All in the Mind from the January 16, 1969 issue

To the Editors:

I hope you will permit me to correct an important error and point out an omission in Charles Rycroft’s interesting All in the Mind, a review of C.G. Jung’s Analytical Psychology: Its Theory and Practise. He reproduces what he calls two “diagrams of the mind,” one by Jung and one by Freud, which he thinks would be “almost identical” if Jung’s diagram “were rotated ninety degrees.” They are both “metaphorical artifacts” which are “unnecessary,” in Rycroft’s view, and do not do justice to the real nature of mental processes, which would be better represented in “auditory, musical language” than by trying to describe their spatial relations, which “derive as much from the facts of geometry as from those of psychology.”

What Rycroft fails to mention is the title of Jung’s diagram which is simply “The Ego,” and this is only the second in a series of four diagrams. This is the least important and limits itself to only one aspect of the ego. Freud’s, on the other hand, is a diagram of the intricate relationship between the Ego, the Id, the “repressed” and the Pcpt system, and is therefore a diagram of mental processes of a very far-reaching nature. It is unfair to both of these great pioneers to compare these two diagrams, and to imply that there is not much difference in their basic concepts. Later on, in this same volume, Jung produces a diagram which fully shows his much more complex conception of the psyche, and here I think we see how in this he did satisfy Rycroft’s wish that we should have a “psychology in which thoughts are conceived of as themes.…. which can undergo development and variation” (see p. 49), and also how totally different this is from anything Freud ever envisaged.

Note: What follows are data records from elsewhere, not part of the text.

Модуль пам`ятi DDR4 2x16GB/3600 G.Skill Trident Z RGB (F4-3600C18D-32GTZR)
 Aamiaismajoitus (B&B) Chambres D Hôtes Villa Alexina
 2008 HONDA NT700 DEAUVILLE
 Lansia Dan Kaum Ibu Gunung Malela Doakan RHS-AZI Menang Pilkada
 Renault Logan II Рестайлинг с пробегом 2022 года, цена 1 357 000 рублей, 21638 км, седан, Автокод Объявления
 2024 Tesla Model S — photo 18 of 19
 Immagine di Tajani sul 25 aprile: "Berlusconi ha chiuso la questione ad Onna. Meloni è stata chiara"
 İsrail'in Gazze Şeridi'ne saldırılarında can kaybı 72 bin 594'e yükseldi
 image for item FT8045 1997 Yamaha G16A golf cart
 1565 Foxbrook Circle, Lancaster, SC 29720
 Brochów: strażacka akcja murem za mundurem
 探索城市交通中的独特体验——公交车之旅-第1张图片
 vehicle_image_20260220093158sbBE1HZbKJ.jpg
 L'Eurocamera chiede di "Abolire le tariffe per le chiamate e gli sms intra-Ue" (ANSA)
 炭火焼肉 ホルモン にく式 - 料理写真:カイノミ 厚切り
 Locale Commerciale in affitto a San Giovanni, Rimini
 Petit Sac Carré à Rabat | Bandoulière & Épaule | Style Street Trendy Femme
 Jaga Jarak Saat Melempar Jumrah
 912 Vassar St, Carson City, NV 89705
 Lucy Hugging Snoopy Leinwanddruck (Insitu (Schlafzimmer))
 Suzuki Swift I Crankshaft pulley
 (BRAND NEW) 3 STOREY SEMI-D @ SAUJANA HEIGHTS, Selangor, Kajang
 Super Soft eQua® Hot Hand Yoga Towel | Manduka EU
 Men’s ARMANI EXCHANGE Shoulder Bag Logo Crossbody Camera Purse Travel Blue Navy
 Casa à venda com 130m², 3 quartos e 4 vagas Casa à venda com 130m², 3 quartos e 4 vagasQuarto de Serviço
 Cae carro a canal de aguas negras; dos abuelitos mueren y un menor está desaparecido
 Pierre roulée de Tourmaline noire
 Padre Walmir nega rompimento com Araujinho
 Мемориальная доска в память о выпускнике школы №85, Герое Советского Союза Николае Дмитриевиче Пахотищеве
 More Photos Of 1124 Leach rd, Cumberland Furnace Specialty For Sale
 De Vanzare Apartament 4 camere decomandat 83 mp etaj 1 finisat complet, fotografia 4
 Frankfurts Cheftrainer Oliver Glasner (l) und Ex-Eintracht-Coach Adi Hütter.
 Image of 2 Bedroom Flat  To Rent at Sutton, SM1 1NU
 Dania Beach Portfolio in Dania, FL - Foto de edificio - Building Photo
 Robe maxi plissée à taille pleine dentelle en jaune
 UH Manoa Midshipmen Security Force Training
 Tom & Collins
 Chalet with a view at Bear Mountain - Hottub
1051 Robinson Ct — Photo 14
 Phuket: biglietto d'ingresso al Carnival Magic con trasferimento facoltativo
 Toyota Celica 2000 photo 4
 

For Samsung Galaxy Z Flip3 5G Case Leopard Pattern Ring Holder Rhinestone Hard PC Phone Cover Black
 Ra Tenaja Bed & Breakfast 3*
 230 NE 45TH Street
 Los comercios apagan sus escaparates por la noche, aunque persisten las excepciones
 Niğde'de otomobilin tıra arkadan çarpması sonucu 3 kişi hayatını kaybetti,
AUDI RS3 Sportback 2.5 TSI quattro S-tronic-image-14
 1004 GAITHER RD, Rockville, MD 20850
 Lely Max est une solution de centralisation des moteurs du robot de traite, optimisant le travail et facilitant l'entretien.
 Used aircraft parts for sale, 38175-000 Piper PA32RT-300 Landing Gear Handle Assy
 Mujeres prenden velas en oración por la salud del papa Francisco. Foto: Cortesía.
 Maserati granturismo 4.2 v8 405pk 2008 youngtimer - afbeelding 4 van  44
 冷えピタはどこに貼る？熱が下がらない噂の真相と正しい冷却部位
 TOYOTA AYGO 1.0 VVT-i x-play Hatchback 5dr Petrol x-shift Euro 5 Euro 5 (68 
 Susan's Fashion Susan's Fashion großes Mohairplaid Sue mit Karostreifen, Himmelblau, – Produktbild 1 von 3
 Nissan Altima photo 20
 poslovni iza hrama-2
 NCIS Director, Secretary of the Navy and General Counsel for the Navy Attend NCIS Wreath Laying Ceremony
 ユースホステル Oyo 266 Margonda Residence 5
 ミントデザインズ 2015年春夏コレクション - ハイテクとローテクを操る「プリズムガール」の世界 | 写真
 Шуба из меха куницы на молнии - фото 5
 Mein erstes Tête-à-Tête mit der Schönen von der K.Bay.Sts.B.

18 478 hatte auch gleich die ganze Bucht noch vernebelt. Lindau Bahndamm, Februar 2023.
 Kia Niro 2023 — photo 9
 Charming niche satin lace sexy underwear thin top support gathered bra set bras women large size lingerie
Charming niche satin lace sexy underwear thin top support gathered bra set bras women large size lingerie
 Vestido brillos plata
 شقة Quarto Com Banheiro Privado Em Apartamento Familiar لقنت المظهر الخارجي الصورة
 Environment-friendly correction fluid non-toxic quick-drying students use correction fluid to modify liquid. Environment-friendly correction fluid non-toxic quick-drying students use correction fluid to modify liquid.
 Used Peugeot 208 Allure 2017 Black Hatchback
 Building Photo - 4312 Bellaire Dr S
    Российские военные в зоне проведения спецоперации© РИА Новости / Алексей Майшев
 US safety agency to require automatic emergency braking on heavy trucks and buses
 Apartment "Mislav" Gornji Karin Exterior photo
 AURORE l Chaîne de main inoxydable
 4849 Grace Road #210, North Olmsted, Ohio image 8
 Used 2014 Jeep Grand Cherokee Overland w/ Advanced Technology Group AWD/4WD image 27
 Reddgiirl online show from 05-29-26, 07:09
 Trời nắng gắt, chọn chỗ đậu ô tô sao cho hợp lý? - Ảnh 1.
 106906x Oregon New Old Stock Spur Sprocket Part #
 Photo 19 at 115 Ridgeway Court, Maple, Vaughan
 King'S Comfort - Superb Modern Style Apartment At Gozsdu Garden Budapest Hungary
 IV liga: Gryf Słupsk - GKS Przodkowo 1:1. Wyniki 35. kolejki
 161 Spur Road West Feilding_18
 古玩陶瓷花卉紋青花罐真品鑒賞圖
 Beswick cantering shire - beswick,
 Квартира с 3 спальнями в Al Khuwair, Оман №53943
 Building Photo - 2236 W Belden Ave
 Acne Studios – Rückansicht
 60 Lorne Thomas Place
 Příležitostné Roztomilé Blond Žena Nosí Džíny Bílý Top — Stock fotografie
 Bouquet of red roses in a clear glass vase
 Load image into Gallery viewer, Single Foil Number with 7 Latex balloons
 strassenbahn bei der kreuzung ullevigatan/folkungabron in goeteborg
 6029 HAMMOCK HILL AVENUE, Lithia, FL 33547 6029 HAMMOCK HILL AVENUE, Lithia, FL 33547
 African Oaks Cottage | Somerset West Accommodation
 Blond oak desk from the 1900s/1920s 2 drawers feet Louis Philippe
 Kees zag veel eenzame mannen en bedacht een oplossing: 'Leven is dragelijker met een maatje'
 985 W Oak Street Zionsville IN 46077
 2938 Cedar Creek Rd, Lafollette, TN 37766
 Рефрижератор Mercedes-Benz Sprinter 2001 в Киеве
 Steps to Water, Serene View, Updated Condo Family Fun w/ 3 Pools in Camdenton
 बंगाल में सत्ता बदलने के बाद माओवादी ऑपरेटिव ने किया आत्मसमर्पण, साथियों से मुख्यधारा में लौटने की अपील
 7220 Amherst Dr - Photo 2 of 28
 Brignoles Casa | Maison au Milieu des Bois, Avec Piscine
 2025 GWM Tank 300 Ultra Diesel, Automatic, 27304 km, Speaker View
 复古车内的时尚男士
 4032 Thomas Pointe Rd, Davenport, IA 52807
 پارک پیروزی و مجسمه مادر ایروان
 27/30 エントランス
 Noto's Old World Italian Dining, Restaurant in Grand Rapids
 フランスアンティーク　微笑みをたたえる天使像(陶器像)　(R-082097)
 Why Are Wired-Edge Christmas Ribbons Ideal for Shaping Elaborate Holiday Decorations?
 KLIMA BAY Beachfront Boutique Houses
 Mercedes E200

I should also like to say that, having been, myself, present at this series of lectures, I can testify to the fact that Jung was being very much himself and did not, as Rycroft states, artificially assume a personality which he thought would please the English. He was not playing a role when he appeared to be “a direct man, down-to-earth even when scaling the heights or plumbing the depths,” and a careful reading of the discussions shows how much his audience appreciated and responded humanly to this naturalness of expression.

Joseph L. Henderson, M.D.

President

C.G. Jung Institute of San Francisco

San Francisco, California

Charles Rycroft replies:

I think Dr. Henderson has mistaken both the tone and the intentions of my review. I was not seriously suggesting that there are no significant differences between Freudian and Jungian psychologies but was concerned to make three skeptical points: 1. The original formulations of psychodynamic theory were much more influenced by the personalities and styles of thinking of their creators than they themselves realized; 2. Both Freud and Jung got themselves into a position in which they were able to impose their own (possibly erroneous) views of themselves on their followers; 3. Writing as they did before the advent of techniques of linguistic and semantic analysis they were oblivious of some at least of the pitfalls surrounding the construction of psychological theories.

Dr. Henderson evidently takes more seriously than I do the possibility of constructing a psychological theory based on music. Perhaps I should refer him to John Cohen’s Humanistic Psychology, Chapter 1, “The Difficulty of Making the First Step,” where he discusses the pervasive effect on a theory of the initial analogy on which it is based.